As a developer of software games, I'm wondering how I would redo this in a way that offers a better sense of the G‑d we know in our prayers and our living.

What would it be like if, playing this game, I could see not just from my heavenly throne but from the eyes of any creature on the planet? I could choose a predator or a victim, even a worm, or how about a plant or a rock — and know life as it goes on from within that being. I would experience the satisfaction of munching green leaves, the fear of an approaching predator, the throbbing heartbeat of an attacked animal. The desperate will to live. And then I would become one with the beast that eats me.

What if I could enter all those creatures at once, and be all of them, all at once? Some that know the world with sight, others that live only in a world of smell, still others who survive by detecting electrical impulses. From within a single world, I could experience a thousand different ones.
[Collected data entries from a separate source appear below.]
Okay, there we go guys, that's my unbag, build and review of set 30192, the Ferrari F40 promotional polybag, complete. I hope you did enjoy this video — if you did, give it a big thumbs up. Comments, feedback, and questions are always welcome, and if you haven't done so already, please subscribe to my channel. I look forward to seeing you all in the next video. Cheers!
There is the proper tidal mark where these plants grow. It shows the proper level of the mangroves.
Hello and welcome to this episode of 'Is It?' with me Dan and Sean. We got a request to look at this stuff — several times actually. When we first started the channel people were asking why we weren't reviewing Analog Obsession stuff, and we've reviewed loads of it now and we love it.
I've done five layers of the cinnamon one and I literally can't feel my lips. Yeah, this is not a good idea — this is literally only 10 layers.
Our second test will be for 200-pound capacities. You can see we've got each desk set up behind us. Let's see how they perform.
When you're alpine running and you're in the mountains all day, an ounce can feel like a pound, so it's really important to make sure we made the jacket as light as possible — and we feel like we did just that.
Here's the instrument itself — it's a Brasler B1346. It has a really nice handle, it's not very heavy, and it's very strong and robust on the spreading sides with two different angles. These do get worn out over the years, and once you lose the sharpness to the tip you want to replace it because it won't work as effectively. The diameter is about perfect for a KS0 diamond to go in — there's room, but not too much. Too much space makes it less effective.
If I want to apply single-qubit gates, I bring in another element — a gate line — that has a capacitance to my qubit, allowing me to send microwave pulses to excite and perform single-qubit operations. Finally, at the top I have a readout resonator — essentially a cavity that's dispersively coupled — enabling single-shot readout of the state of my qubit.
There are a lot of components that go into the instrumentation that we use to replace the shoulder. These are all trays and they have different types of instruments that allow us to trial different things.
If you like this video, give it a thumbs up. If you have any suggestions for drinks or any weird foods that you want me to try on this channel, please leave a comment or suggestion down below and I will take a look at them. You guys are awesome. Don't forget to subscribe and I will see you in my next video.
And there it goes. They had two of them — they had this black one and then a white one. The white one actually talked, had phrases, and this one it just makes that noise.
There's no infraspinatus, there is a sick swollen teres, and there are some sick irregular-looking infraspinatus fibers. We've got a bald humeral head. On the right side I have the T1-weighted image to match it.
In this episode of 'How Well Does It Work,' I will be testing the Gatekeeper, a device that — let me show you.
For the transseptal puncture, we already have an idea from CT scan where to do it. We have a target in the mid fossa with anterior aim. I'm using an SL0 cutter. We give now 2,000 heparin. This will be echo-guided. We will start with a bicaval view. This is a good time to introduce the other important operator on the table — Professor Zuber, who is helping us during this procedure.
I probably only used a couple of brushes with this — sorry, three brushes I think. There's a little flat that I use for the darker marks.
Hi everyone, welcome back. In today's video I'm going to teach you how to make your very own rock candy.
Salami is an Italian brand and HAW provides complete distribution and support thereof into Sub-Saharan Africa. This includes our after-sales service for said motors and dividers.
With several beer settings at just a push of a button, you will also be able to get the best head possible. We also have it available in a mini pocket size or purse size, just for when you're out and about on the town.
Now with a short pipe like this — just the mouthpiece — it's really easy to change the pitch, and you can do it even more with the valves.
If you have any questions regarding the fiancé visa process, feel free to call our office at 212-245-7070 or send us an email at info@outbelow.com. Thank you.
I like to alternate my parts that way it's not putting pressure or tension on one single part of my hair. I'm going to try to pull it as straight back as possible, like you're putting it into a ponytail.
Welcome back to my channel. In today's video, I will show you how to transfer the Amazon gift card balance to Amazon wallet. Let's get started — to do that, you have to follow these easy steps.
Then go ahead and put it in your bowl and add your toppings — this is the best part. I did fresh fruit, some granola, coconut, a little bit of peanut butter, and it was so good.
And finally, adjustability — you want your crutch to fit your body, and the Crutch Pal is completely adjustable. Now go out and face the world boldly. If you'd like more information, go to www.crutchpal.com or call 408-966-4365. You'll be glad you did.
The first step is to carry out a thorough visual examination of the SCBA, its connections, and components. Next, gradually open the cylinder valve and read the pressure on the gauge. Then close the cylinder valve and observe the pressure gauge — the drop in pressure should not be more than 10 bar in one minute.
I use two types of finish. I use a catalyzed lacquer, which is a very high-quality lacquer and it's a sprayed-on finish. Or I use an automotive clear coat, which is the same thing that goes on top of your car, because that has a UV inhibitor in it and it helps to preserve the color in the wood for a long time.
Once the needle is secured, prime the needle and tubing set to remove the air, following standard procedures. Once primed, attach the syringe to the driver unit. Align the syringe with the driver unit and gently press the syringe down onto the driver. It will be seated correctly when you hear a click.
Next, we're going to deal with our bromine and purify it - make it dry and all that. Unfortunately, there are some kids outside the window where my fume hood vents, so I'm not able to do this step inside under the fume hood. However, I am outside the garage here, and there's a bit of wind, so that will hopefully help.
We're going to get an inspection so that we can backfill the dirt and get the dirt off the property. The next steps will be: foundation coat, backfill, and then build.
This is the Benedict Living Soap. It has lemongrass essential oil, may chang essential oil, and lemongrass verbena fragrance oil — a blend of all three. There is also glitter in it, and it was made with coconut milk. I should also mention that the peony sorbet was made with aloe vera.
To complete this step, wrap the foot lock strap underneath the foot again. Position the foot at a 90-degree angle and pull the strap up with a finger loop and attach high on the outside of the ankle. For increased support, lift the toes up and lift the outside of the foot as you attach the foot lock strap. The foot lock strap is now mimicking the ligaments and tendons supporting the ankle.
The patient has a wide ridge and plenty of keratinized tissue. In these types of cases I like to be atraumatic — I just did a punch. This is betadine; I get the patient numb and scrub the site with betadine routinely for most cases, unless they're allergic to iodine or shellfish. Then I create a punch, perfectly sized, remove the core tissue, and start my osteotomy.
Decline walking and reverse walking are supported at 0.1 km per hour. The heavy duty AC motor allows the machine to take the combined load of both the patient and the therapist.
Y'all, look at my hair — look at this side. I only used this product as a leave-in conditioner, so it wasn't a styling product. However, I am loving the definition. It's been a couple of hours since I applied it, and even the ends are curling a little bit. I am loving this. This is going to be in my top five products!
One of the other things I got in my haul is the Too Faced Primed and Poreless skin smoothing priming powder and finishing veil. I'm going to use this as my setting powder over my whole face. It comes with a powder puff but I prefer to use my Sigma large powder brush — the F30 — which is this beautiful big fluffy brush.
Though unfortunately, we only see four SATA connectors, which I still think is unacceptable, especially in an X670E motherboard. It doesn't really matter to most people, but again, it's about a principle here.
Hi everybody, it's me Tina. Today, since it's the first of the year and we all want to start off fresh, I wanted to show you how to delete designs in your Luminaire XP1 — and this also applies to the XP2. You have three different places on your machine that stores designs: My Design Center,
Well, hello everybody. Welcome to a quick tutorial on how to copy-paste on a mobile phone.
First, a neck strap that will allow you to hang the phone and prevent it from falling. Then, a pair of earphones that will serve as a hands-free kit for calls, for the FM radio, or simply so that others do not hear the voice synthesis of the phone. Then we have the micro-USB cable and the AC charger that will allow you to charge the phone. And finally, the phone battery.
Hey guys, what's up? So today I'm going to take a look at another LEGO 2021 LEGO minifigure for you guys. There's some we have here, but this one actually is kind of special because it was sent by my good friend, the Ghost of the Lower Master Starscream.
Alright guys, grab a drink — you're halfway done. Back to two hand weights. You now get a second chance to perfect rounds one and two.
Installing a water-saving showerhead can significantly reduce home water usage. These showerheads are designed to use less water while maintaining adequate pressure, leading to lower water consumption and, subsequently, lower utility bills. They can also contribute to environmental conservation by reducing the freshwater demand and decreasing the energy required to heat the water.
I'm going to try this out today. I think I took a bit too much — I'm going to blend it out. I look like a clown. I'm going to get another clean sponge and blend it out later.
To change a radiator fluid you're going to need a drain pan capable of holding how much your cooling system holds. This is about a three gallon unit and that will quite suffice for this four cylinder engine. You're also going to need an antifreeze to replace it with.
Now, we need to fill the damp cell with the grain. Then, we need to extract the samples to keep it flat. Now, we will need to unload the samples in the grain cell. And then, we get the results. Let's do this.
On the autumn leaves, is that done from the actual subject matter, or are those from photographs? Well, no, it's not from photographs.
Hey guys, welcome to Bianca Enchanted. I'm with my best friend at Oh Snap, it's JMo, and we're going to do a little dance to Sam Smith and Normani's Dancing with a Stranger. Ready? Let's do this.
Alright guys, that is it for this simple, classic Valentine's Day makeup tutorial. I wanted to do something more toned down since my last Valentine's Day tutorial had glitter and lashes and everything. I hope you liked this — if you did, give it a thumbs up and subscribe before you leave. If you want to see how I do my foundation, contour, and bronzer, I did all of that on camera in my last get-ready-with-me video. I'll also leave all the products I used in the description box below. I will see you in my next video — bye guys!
I could be a bee that sees a spectrum of color beyond what humans know. Or a worm that lives in a virtually two-dimensional world. Hot as a lizard basking in the sun, cold as a penguin in an Antarctic blizzard. Wet as a fish, dry as a desert moth. Swift as a falcon, sluggish as a sloth. Smart as an angel, silent as a rock. All at once. Boundless diversity of experience. Each the center of a whole world.

And at the same time as I am one with all of them, living within them and feeling how ultimately real all this is, I would remain transcendent and aloof. Infinitely above and intimately within, all at once.

Then there would be a story. And I, the player, would be the author. In a story, you can express your innermost thoughts, thoughts that are otherwise ineffable.

My story would be a very big story, a masterful drama full of little stories. And in the little stories, that's where I would really have fun, since I would give some of my favorite creatures the power to influence the outcome of those little stories. To be the hero or the villain—or just a coward. To take part or to stand by. It would all be their choice and they would each have to live with their decisions.

After all, their consciousness is my consciousness. Since I have free choice to author this whole big story, I could have free choice from within them as well, in these little stories. And that's part of the big story.

So there would be this story with protagonist and antagonist, and I would be within both, but at the same time I would be on the side of the protagonist and against the antagonist. I'm infinite and boundless, remember? So I can be found even in a creature who's against me and against my side. I can be within the hunter and the hunted all at once. And sympathize and feel the pain of both.

And then, in the big story, through a culmination of all the little stories and their little heroes, my side would win. All would recognize the Me that is within them, and even I would find Myself there. And be surprised. If you're G‑d, you can surprise even yourself.

Boy, He must be having some wild time.